Investment in oil and gas projects dropped by over 40% between 2014 and 2016, leading many in the industry to contest that new supplies would be scarce in the 2020s, prompting price spikes. Despite the dip in investment, operators have found ways to continue to grow in these difficult conditions. Nevertheless, the question remains whether the industry is spending enough to maintain a strong level of supply?

Projects approved in 2017 were double the number in 2016 as costs were reduced, oil prices gained, and corporate finances improved. However, critically, average capital expenditure in 2017 dropped to US$2.7 billion – the lowest in a decade – as operators focused on smaller projects and expansions of existing fields.

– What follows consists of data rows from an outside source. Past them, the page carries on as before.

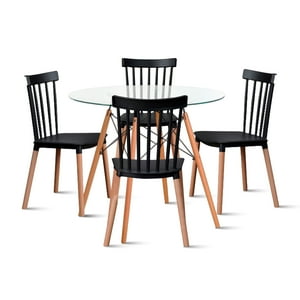 Klik Muebles - Comedor Mesa Redonda Vidrio 80Cm + 4 Sillas Windsor Negras
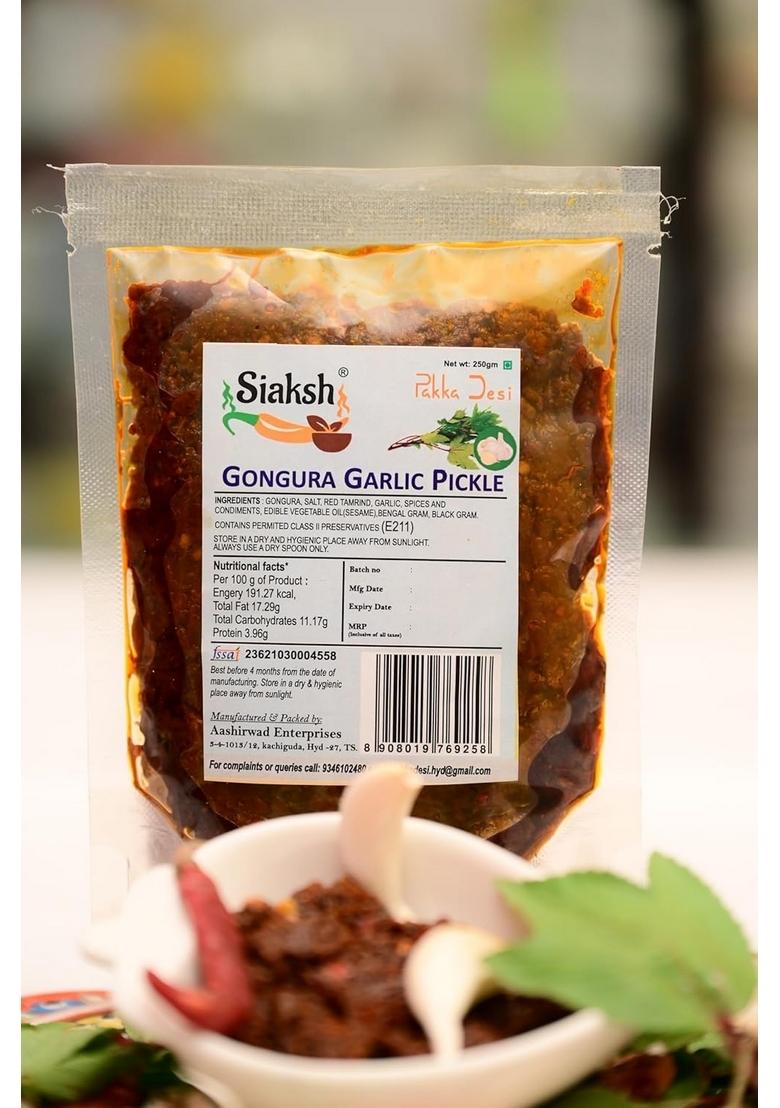 Siaksh Fresh Tasty Andhra Special Gongura And Garlic Pickle 250Gm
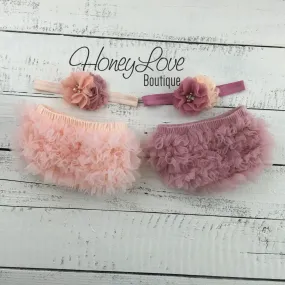 TWIN GIRLS! Peach and Vintage Pink ruffle bottom bloomers and matching headbands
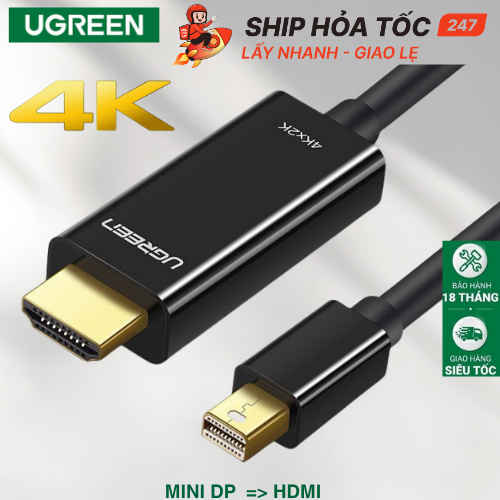 Cáp Ugreen Mini DisplayPort to HDMI Ugreen Mini Dp to Hdmi Phân Giải 4K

Gas and LNG projects are likely to take a larger cut of overall investment however, with big expansion projects in Norway, Iran, and Oman. It is clear that the oil and gas industry in general cannot rely on smaller projects forever. That thinking is evident in the LNG industry, with lots of major projects on the horizon.

Investments may well increase in 2019 with multi-billion dollar projects such as Mozambique LNG and Canada LNG close to final investment decisions. These projects will possibly push for a late-2018 sanction, thereby securing lower costs and pipping their competition to the post.

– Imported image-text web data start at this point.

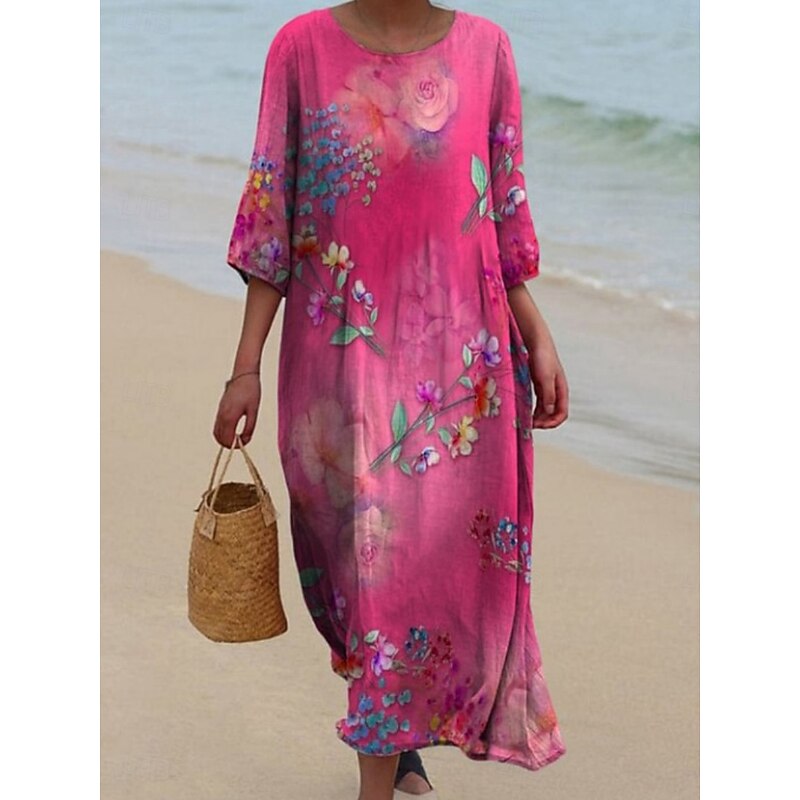 Women's Midi Dress Casual Dress Print Dress Fashion Modern Daily Beach Weekend Regular Fit Floral Color Block 3/4 Length Sleeve Crew Neck Yellow Blue Fuchsia Green Spring Fall Autumn3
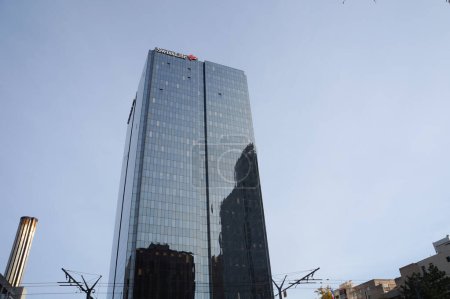 Photo for Lyon, France - Nov. 24, 2022 - Low angle view of Swiss Life Tower, a glass office tower in La Part-Dieu Financial District; Swiss Life is a Zrich-based insurance company, the biggest in Switzerland - Royalty Free Image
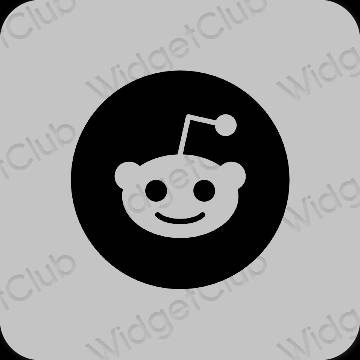 Estético cinzento Reddit ícones de aplicativos
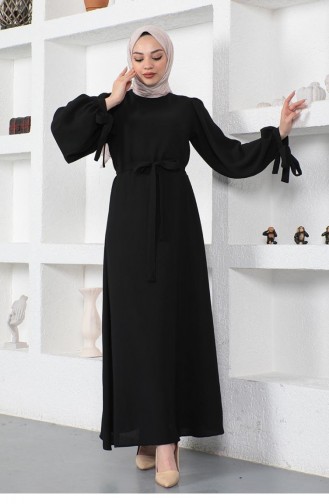 0048Mp Hijab Dress With Tied Sleeves Black 8716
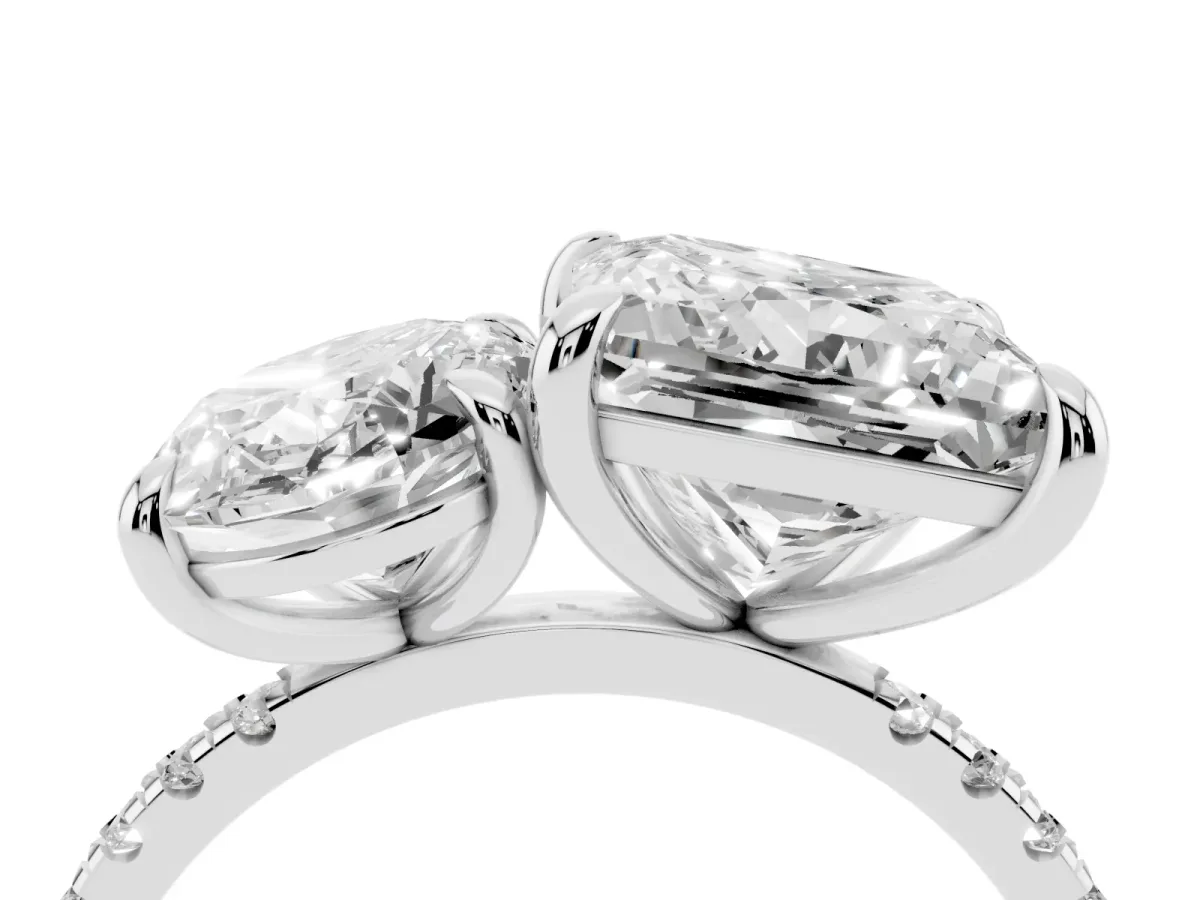 Oval and Princess Toi Moi Ring with Prong Setting and Micro Pave Band Platinum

The oil and gas industry is promising much, but a lot of uncertainty remains. According to GlobalData, 81 new crude and natural gas projects will start operations in Europe between 2018 and 2025. By 2025, the gas projects will contribute almost 4.7 billion ft3 per day to global gas production. The UK will lead with a total of 37 projects, followed by Norway with 28 and Italy with six. Norway will drive natural gas production, contributing 1.6 billion ft3 per day to the region’s gas production by 2025.2

As we move through the early stages of spring into the summer (hurry up please), it is apparent that a busy period awaits the oil and gas industry. The direction that the industry takes long-term however, is unclear.

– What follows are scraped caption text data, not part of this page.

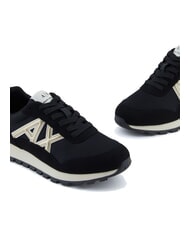 ARMANI EXCHANGE DROP MICROSUEDE Teniși cu logo lateral negru/auriu pal - Pantofi femei - 4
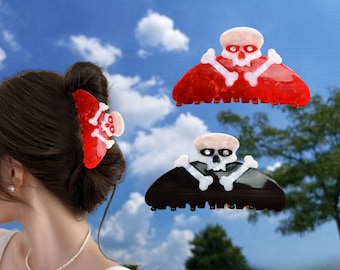 Skull & Crossbones Hair Claw Clip: Gothic Halloween Accessory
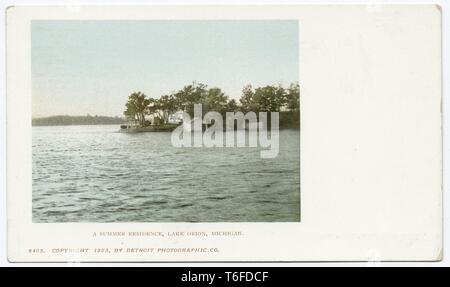 Detroit Publishing Company Ansichtskarte Reproduktion der Sommerresidenz in Lake Orion, Michigan, 1903. Von der New York Public Library. () Stockfoto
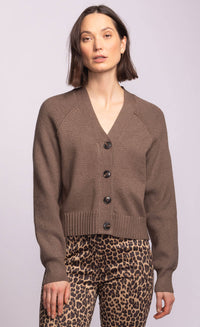 Model wearing the Lemonberry Monterey Sweater in neutral taupe, button-front cardigan with cropped fit and ribbed hem.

Much like spring, this issue of LNG Industry is also promising. This month’s issue features articles on plant maintenance, software, cryogenic equipment, and more. Contributions from Berkeley Research Group and the Boston Consulting Group kick-start this issue with a focus on how the LNG industry landscape is developing, and how the major players continue to adapt. I hope you enjoy!

  1. Reuters.com. (2018). Upstream oil, gas firms to focus on smaller projects, quick returns in 2018 – WoodMac.
  2. energy.globaldata.com (2018). 81 new oil and gas projects in Europe to commence production by 2025, says GlobalData.